How to build sustainability into a brand

By Dr Sally Uren, Deputy Chief Executive with independent sustainability experts Forum for the Future (

Mainstream brands are currently busy showing off their sustainability credentials.  From Cadbury’s Dairy Milk - now 100% Fairtrade - to Persil’s Small and Mighty, using less packaging, less water, less energy - mainstream brands are having sustainability makeovers.

Is this just marketing gone mad? A fad?  A cynical attempt to grab a new bit of market share?  No, no, and sort of – in that order.

The market share bit is partly true, but in most cases, from Cadbury to Unilever to M&S, there’s little cynicism involved – this is simply an evolution of their sustainability strategies.  It’s not enough to have shiny policies; leadership today is pushing the sustainability promise into the brand.

And there are at least three reasons why using brands to visibly demonstrate sustainability commitments makes good business sense.  

Firstly, as public awareness and interest in the sustainability agenda grows, there is the potential to cement existing consumer relationships, and build new ones, using social and environmental issues as communication channels (that’s the market share bit).  

Secondly, by doing the work to understand the sustainability impacts of a product, ways of reducing those impacts - and often saving money - become apparent.
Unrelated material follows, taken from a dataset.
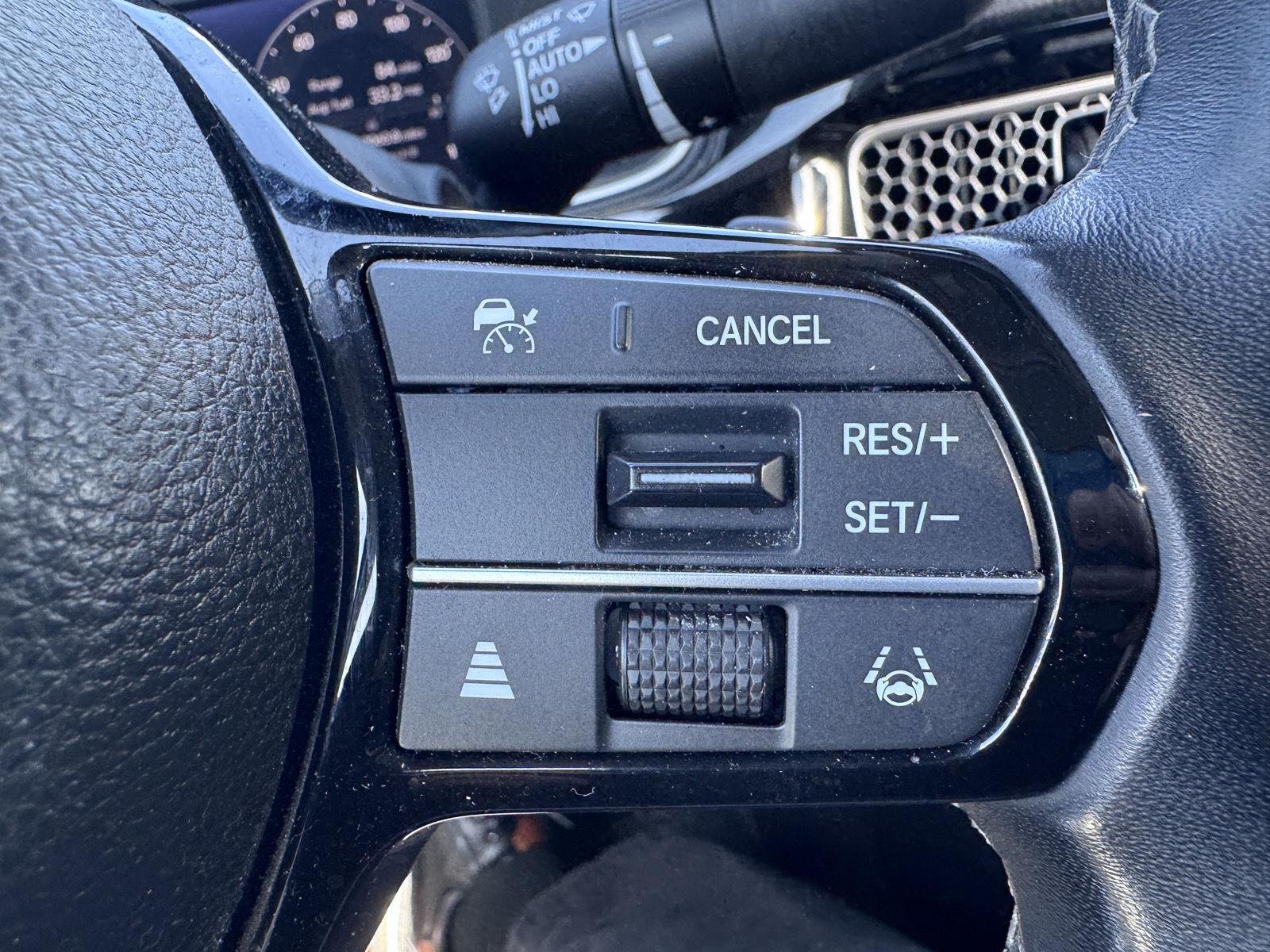 Used 2023 Crystal Black Pearl Honda Touring image 16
Then, thirdly, there’s the bit about securing future supplies of raw materials: doing the right thing in terms of sourcing isn’t simply about a fair wage, it’s also about ensuring long-term continuity of supply.
So what does an authentic voice on social and environmental issues look like? How can you tell if a brand is serious about sustainability?

Of critical importance is the need to demonstrate, visibly, that taking sustainability seriously doesn’t mean business as usual.  There needs to be evidence that as a result of confronting sustainability head-on, some things have changed, such as taking some products - the sustainability villains - off the shelves.

Both B&Q and John Lewis in the UK have stopped selling patio heaters – which lets face it, aren’t part of a sustainable future (a jumper will always be the low-carbon option).

Honesty is also important.  Communicating the challenges and dilemmas associated with a journey to greater sustainability helps build credibility.  Never believe the brand or business that claims overnight sustainability, it just isn’t possible. Businesses such as Exxon, which have had a more recent conversion to sustainability, need to be very honest about the huge challenges they face in switching from an inherently unsustainable business model (oil is running out, right?) to one with renewable technologies at its heart.  

Finally, there need to be absolute targets for reductions in key impact areas, from water, to carbon, to waste.  Normalised targets - units of carbon emitted per area occupied, for example - as the sole measure of a brand’s performance have had their day.

These clever numbers all too easily communicate efficiency improvements, but can disguise an increase in the brand’s overall footprint.  And the argument that ‘we’re a growing business’ doesn’t wash.

That’s the whole point – we absolutely have to decouple economic growth from environmental impact if we are going to get close to the 80-90% reduction in carbon emissions the developed world needs to achieve by 2050.

We are currently in the middle of a market transformation, from niche and green to mainstream.  That’s not to say the niche and the green are not important, they are, and their very existence has paved the way for the big players to engage with the sustainability agenda.

But niche and green won’t deliver the scale of the change we need to see.  Giving mainstream brands serious sustainability makeovers just might.